> Task:
Give back a single figure: the number of lines in the entries below that contain "Lips".

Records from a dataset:

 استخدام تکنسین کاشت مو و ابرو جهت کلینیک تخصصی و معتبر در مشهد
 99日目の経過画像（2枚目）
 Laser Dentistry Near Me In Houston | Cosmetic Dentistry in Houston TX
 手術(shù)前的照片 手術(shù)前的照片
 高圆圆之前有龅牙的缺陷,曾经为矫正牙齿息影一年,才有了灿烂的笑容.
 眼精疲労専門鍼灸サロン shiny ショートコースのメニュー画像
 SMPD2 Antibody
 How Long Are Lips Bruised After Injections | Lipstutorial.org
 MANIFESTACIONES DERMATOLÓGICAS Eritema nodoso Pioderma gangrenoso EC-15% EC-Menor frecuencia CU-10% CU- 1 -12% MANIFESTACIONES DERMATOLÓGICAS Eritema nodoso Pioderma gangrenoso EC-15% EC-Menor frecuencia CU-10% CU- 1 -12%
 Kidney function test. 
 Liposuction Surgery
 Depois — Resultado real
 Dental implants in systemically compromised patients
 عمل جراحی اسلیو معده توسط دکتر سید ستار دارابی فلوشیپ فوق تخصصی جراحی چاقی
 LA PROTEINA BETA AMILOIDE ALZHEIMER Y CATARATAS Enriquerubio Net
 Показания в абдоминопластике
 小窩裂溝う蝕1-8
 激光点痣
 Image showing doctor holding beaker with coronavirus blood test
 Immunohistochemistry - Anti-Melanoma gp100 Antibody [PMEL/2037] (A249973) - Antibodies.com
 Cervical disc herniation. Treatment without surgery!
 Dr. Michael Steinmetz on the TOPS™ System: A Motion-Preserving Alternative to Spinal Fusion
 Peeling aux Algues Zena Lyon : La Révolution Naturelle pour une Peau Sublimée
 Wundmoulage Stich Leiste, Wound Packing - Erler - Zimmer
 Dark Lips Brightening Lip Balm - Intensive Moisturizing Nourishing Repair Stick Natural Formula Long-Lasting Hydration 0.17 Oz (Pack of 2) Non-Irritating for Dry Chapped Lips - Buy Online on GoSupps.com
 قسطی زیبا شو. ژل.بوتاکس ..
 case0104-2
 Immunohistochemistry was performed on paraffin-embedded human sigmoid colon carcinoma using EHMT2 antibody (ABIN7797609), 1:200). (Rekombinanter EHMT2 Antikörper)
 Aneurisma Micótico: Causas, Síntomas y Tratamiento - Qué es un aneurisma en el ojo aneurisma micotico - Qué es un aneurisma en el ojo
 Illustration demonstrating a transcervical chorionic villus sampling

> Result:
2